Sergey et Olga Kamennoy présentent à Circulation(s) jusqu’au 6 mai 2018 leur travail sur le service militaire ukrainien à travers l’expérience du fils de Sergey, Taras Kamennoy. Ils nous expliquent les tenants et les aboutissants du projet The Album of a Discharged Soldier.
Olga Kamennoy est née à Moscou en 1978 et Sergey Kamennoy à Kharkov en Ukraine en 1959. Lauréats du prix Kandinsky de Moscou, ces deux artistes ont souhaité s’installer en France pour développer leur art. À côté de ce projet photo, le couple collabore depuis 17 ans pour réaliser des peintures et des dessins. Leurs travaux ont pour thème récurrent l’Ukraine, le pays d’origine de Sergey et où son fils, Taras, vit encore.
C’est en 2008 que le jeune Taras Kamennoy, encore à l’université d’art, est appelé pour effectuer un service militaire d’un an en Ukraine. À la fin de l’année, la tradition voulait que chacun produise un album photo retraçant leur séjour à la caserne. Fait à la main, le livre photo est une œuvre très personnelle que chacun décore comme il le souhaite pour pouvoir garder un souvenir de l’armée. Depuis quelques années, Internet a démodé cette tradition qui n’est plus respectée. Dès sa mobilisation, Taras a refusé de se soumettre à cet exercice commun qu’il trouvait peu artistique et donc peu attractif. En tant qu’artiste, il ne voulait pas produire quelque chose de si commun.
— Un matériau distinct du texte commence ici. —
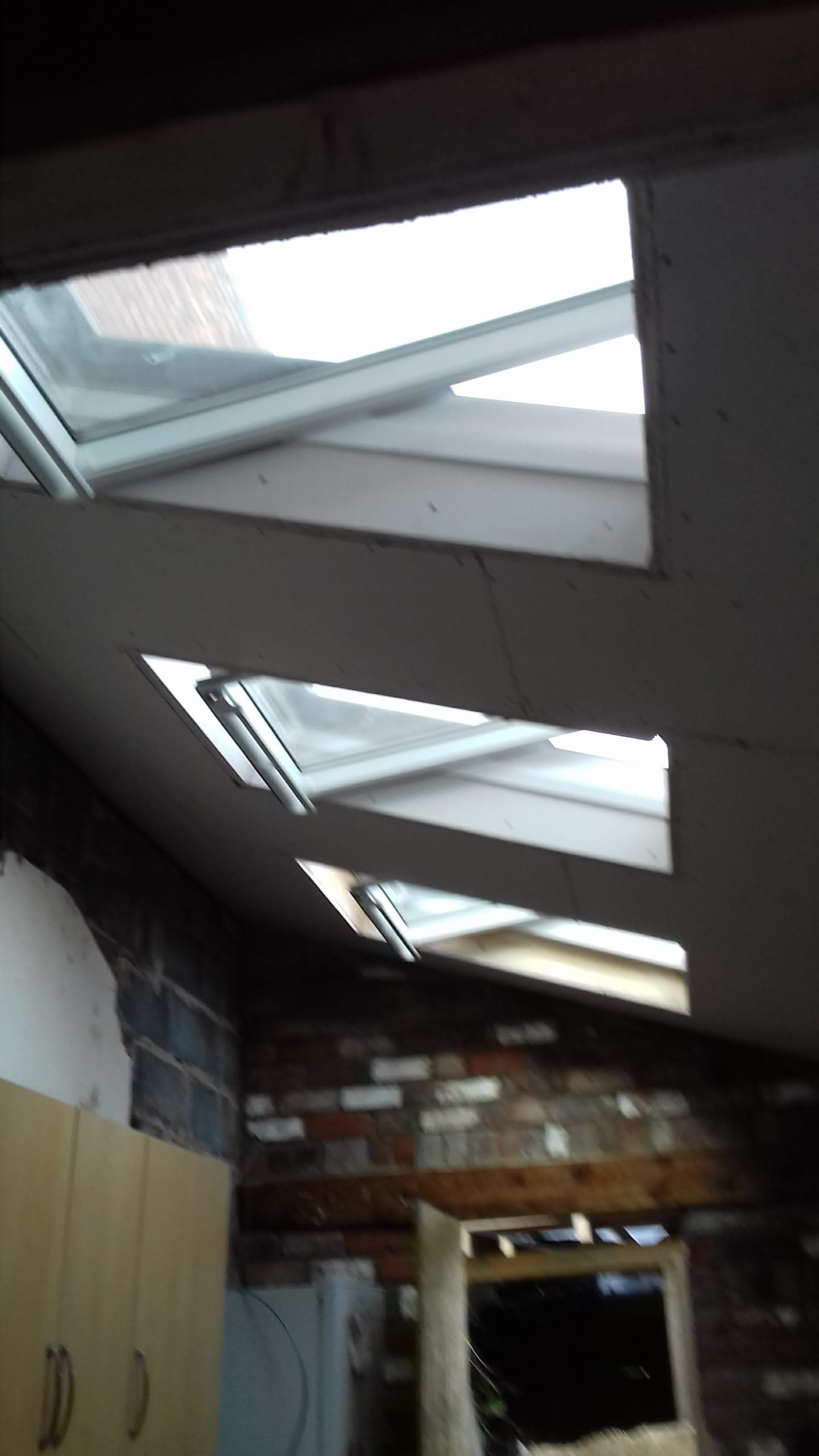 Interior view of three roof windows installed in a pitched roof with white frames
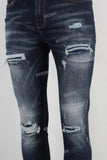 Blue damaged skinny jeans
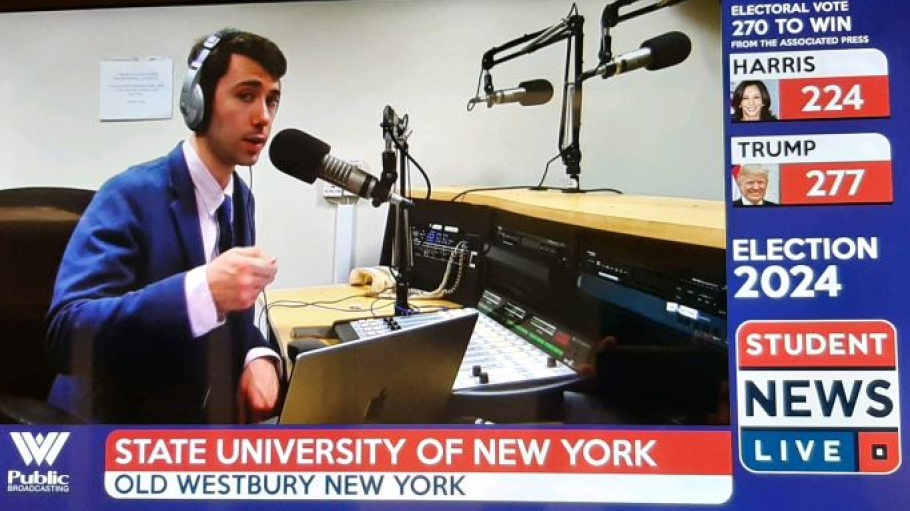 Student in a radio studio wearing headphones and speaking into a microphone
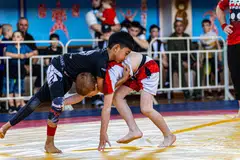 WARGA PERTAMA: Pada usia sembilan tahun, Rumi Rangkayo Noorman (kiri) dipercayai merupakan warga Singapura pertama yang menyertai kejohanan sukan gusti, atau ‘grappling’ di Dagestan, Russia.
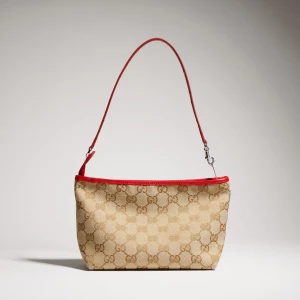Small Pouch With Strap And Gucci Plaque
Son père, Sergey Kamennoy, a donc eu l’idée de réaliser un album photo à l’image de Taras. « Sergey a imaginé l’album de soldat démobilisé que son fils aurait pu faire en étant enfermé cette année-là dans un kilomètre carré, mais en étant très libre à l’intérieur », nous explique Olga Kamennoy. Bien qu’il soit fictif et non conventionnel pour l’armée, ce livre est composé de plusieurs photographies prises pendant le service militaire. De plus, il reprend des faits réels qui se sont déroulés à l’armée avec par exemple le bizutage, les bagarres, l’obsession sexuelle, l’oisiveté, l’ennui…
Ainsi, plus de 200 illustrations présentent le séjour de Taras à l’armée. Les photographies ont été faites par Sergey avec un téléphone portable ou de vieux appareils photo argentiques.
Le jeune soldat mobilisé n’a servi que de modèle au projet puisque c’est Sergey qui a créé l’ensemble des montages et qui les a assemblés de cette façon. Avec l’aide d’Olga, le couple a monté un véritable album de soldat démobilisé, mais plus artistique grâce notamment aux références avec l’histoire de l’art. Les anges de « La Madone Sixtine » peints par Raphaël, le cri d’Edvard Munch, le film Pulp Fiction de Tarentino ou encore les peintures de Gustav Klimt nous lient à la culture artistique de Taras.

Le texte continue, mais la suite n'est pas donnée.